SOURCE DATA section start

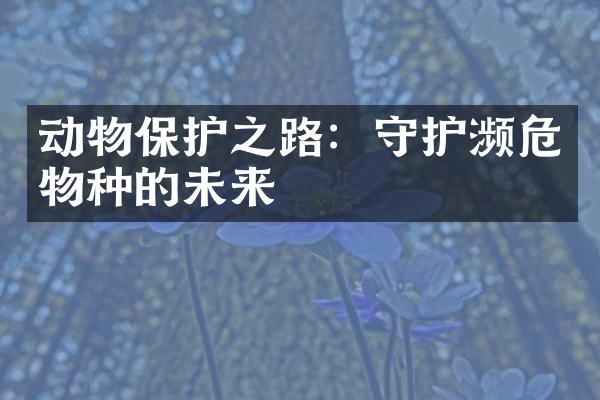 动物保护之路：守护濒危物种的未来
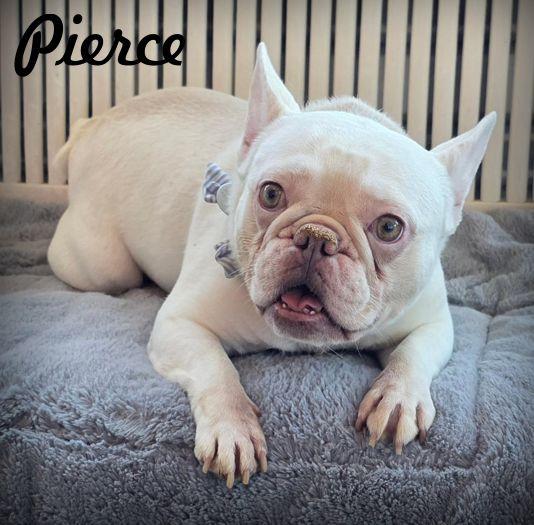 Pierce, a Adoptable French Bulldog in Anaheim Hills, CA image 2/3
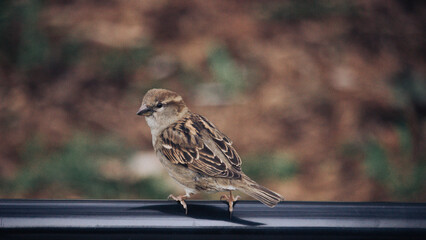 sparrow on a fence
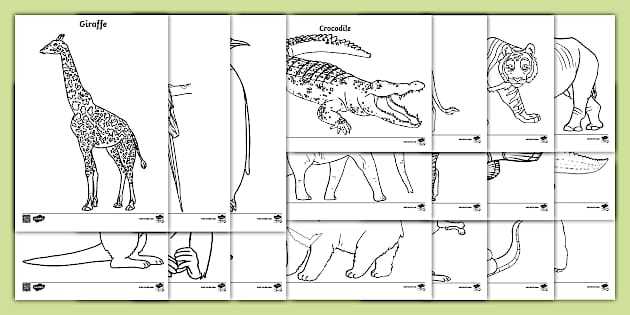 zoo animal coloring pages printable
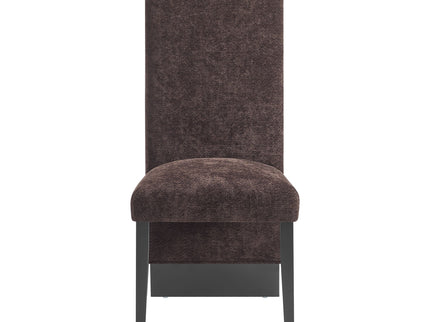 Stacey - Contemporary Dining Chair (Set of 2)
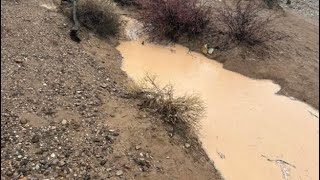 Rainy Days  Quartzsite AZ  2024 [upl. by Ayian]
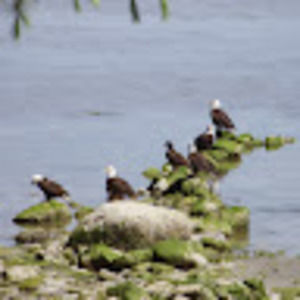 Meet your Posher, R&e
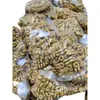 Molde tapón de plástico, tapón de agua, tapón de agua, tapón de agua de nylon, tapón de columna de parada de agua 121416182022242630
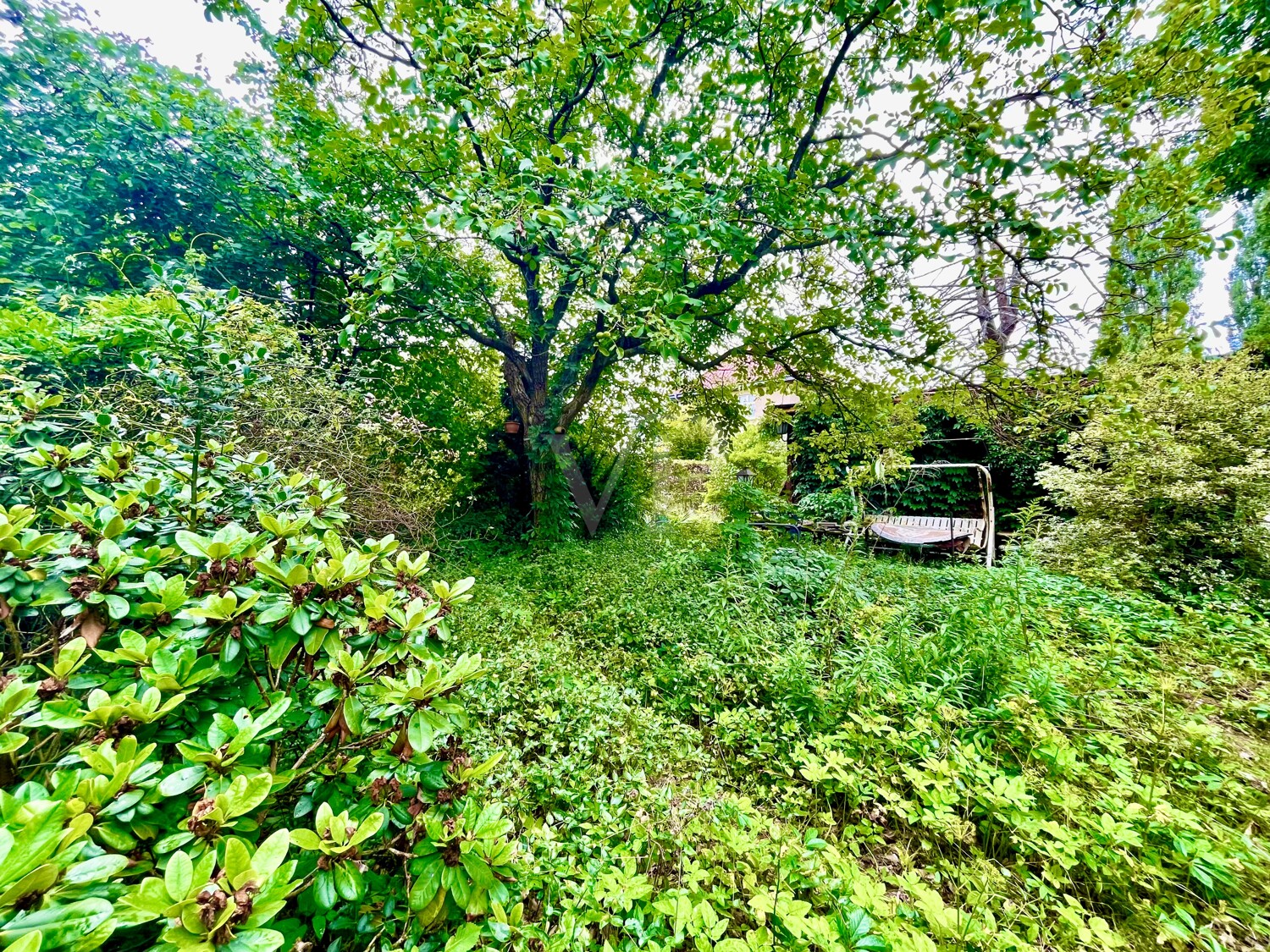 hinterer Garten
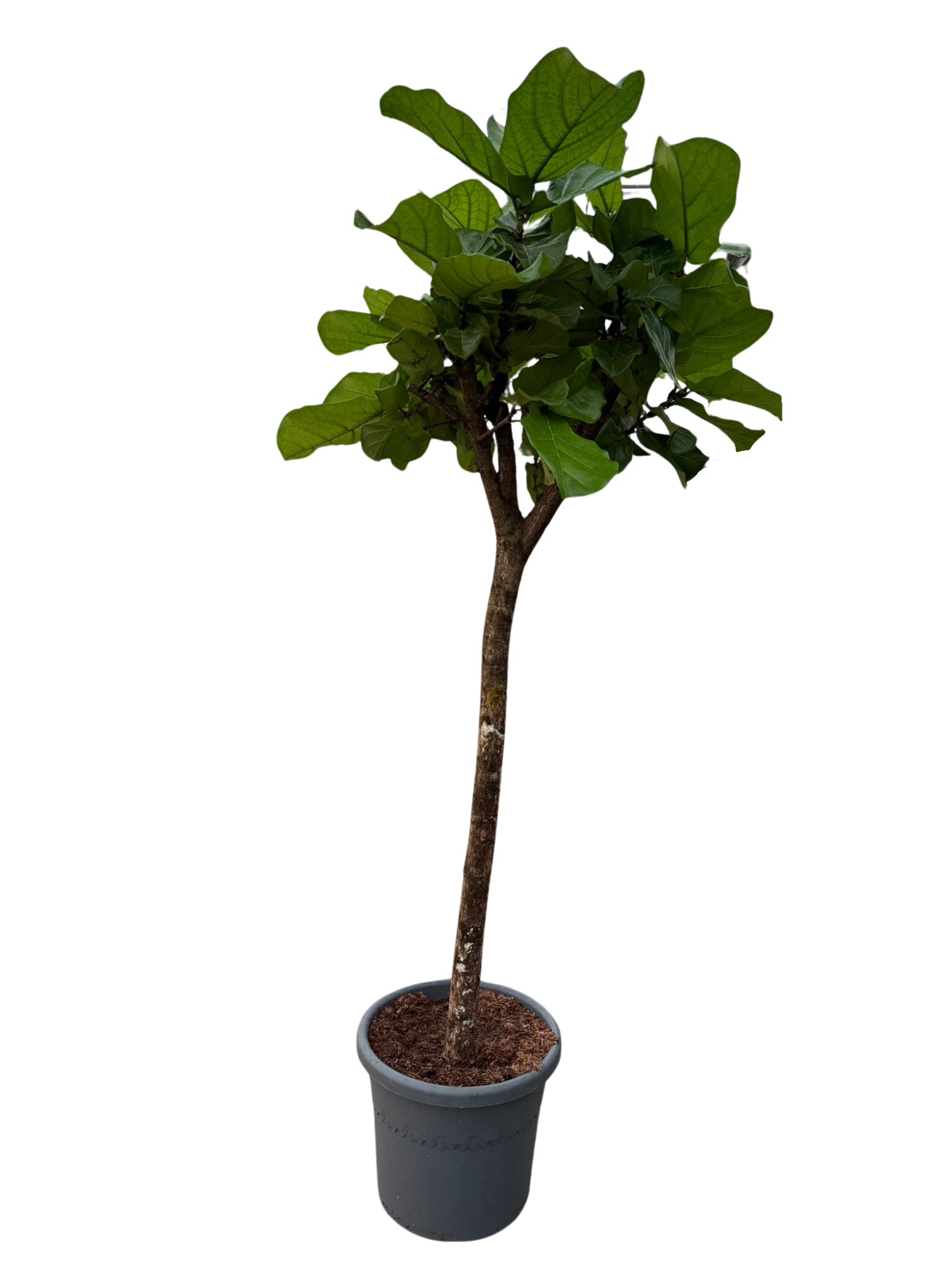 Ficus Lyrata rechte stam p48, D 48 cm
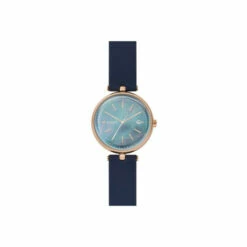 Skagen Karolina Stainless Steel Classic Analogue Solar Watch - Skw2981 For Female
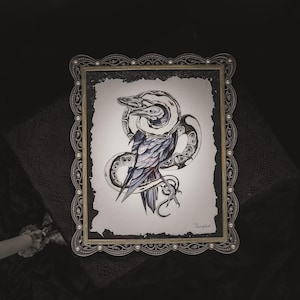 Snake & crow - "Tangled"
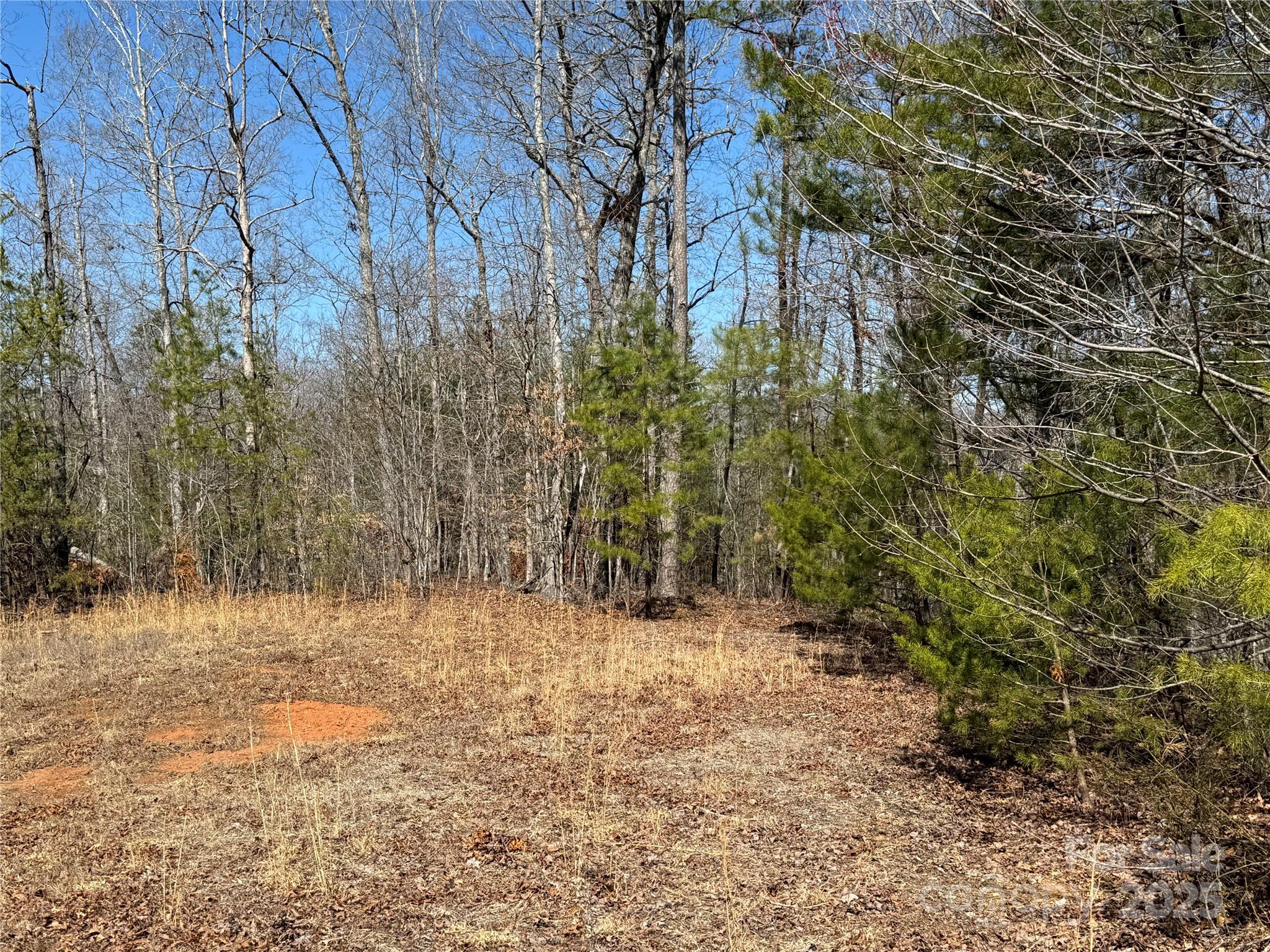 Ole Plantation - Land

SOURCE DATA section end

▸ **WHAT YOU HAVE TO DO**: From the line with "[upl. by Ayian]" through the end of the listing, write out every line exactly, leaving out the pictures.

▸ **ANSWER SPACE**:
 Rainy Days  Quartzsite AZ  2024 [upl. by Ayian]
 Meet your Posher, R&e
 Molde tapón de plástico, tapón de agua, tapón de agua, tapón de agua de nylon, tapón de columna de parada de agua 121416182022242630
 hinterer Garten
 Ficus Lyrata rechte stam p48, D 48 cm
 Skagen Karolina Stainless Steel Classic Analogue Solar Watch - Skw2981 For Female
 Snake & crow - "Tangled"
 Ole Plantation - Land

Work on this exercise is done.